# Time for another UK meet.



## Guest (Mar 26, 2008)

Get off your arses and meet up, we need to get together for a laugh because we need to express our "emotions" which we've bottled up. I'm well up for it because my brain fog has totally ended. I could do with going on a train because it would do me the world of good.

If no one is interested... tis the will of the way


----------



## Guest (Mar 26, 2008)

Actually im quite a shy person,not many people realise that,lots of practice at hiding it i ghess though my confidence is way more than it used to be I get extremley nervous about meeting new people.............I think i need to do more work on myself for a couple more monthes befgore i meet anybody.I take my hat off to you guys for being brave enough to meet up and share your experience.....even though your anxious as hell....and im recovered...i think i would be less anxious if were dp............because when i was dp i did meet somone from this forum who im still good freinds with.

Spirit.


----------



## Guest (Mar 27, 2008)

Just smoke some weed before the meet to get in with the DR/DP crew... lol.

You could meet a female member on your own to dip your toe in the shallow end?

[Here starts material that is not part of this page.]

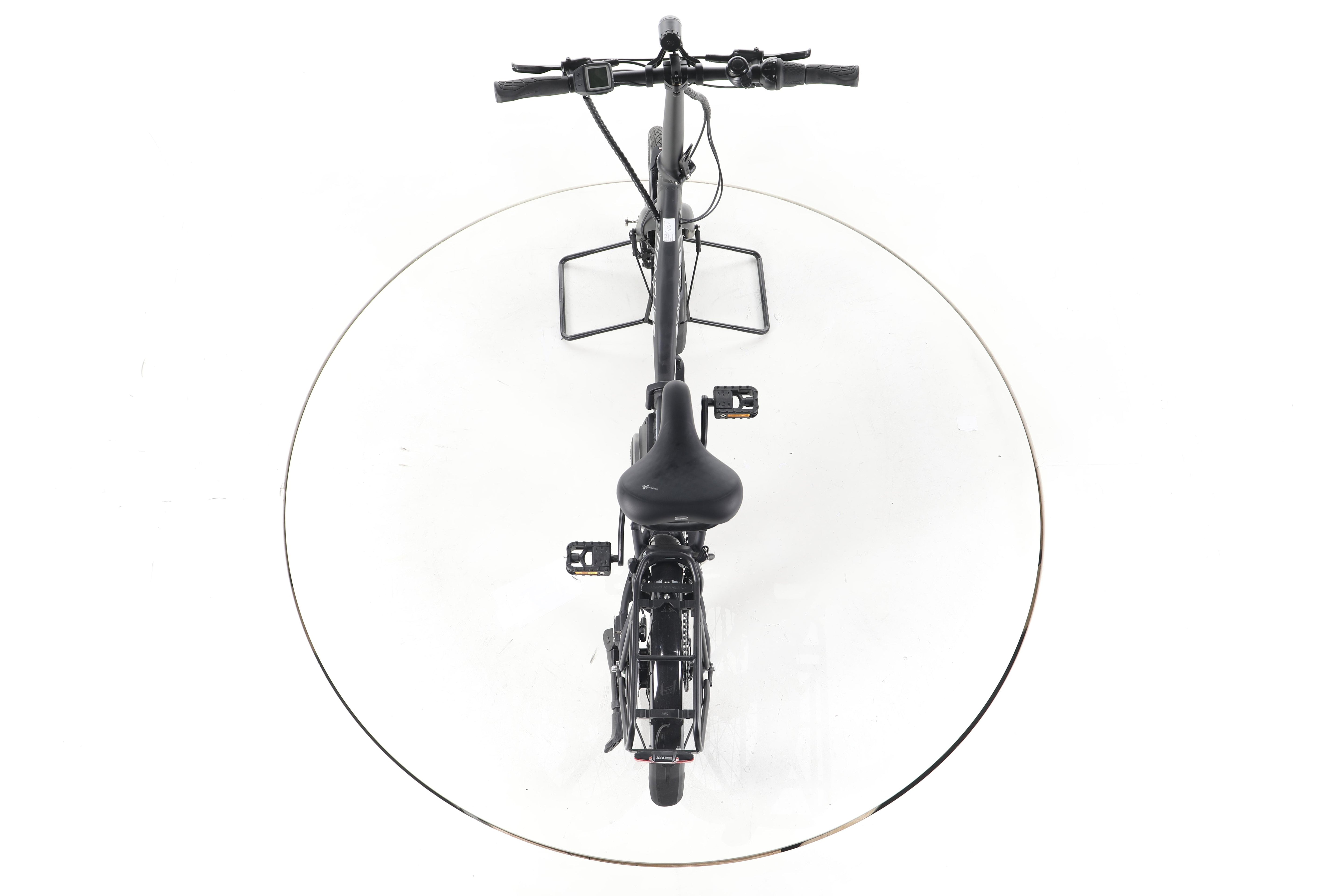 BBF Nancy Falt E-Bike Tiefeinsteiger - Image 22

Or talk to someone on the phone from here?

Or just not come?...lol


----------



## Surfingisfun001 (Sep 25, 2007)

Can I fly in from California?


----------



## ihavemessedupdreams (Apr 19, 2007)

im curious to see what you look like (spirit)


----------



## Guest (Mar 27, 2008)

Count me in  
Kenny, I wish you could fly over here! and Spirit, I'd really love to meet you.


----------



## Guest (Mar 27, 2008)

surfingisfun001 said:


> Can I fly in from California?


Get the boat over... lol :mrgreen:


----------



## Guest (Mar 27, 2008)

sweetypie said:


> Count me in
> Kenny, I wish you could fly over here! and Spirit, I'd really love to meet you.


Superb :mrgreen:


----------



## Surfingisfun001 (Sep 25, 2007)

I could take my sail boat and sail around south america and up through the atlantic ocean. :mrgreen:


----------



## Guest (Mar 27, 2008)

I.Is.Stupood said:


> Just smoke some weed before the meet to get in with the DR/DP crew... lol.
> 
> You could meet a female member on your own to dip your toe in the shallow end?
> 
> ...


I have met a female member from the forum.........she stayed over for the week.....we are discussing doing it again actually.Darren I think you would make me nervous because youre so naughty...,me smoke weed? :shock: would I do a thing like that......not for a long time now...im quite high on life at the moment,drugs never match that.....I have to be careful being an ex anphetamine addict ,i had a very bad drug problem and a bad canibis problem,the moods were terrible...,so its probably best I dont lol......I just need to make more progress ........,there are lots of people from here that I would love to meet,i would like to meet you too sweetypie  .
Mark why are you curious to know what I look like? what do you imagine? lol ,ill post a pic in the picture section soon,its good to put a face to the person isnt it......What do you look like?

Spirit


----------



## Guest (Mar 27, 2008)

surfingisfun001 said:


> I could take my sail boat and sail around south america and up through the atlantic ocean. :mrgreen:


Then you could sail all us UK folk back with you because this UK sucks!... lol


----------



## Guest (Mar 27, 2008)

Spirit said:


> I have met a female member from the forum.........she stayed over for the week.....we are discussing *doing it again *.actually.Darren I think you would make me nervous because youre so naughty...,me smoke weed? :shock: would I do a thing like that......not for a long time now...im quite high on life at the moment,drugs never match that.....I have to be careful being an ex anphetamine addict ,i had a very bad drug problem and a bad canibis problem,the moods were terrible...,so its probably best I dont lol......I just need to make more progress ........,there are lots of people from here that I would love to meet,i would like to meet you too sweetypie  .
> Mark why are you curious to know what I look like? what do you imagine? lol ,ill post a pic in the picture section soon,its good to put a face to the person isnt it......What do you look like?
> 
> Spirit


For the week? Whow.... you had fun by the sounds of it! Whow? You ?did? it with her???... OMG... That?s so so MINT! (Sorry! althogh you set yourself up for that one! :mrgreen: )
I am naughty am I? People use the internet for many reasons, some of which are to express which that cannot in the real world, and mine is being naughy... I?m a mellow guy in the ?real world? *nods*.
Well you could pop round to my bros with me and smoke some? Lol. Yeah I wish that twat was high on life as well, he?s such a moaning tit... always on a male period 24/7! Moan moan fucking moan! Just shouts at every one till he smokes some weed... *shakes head*.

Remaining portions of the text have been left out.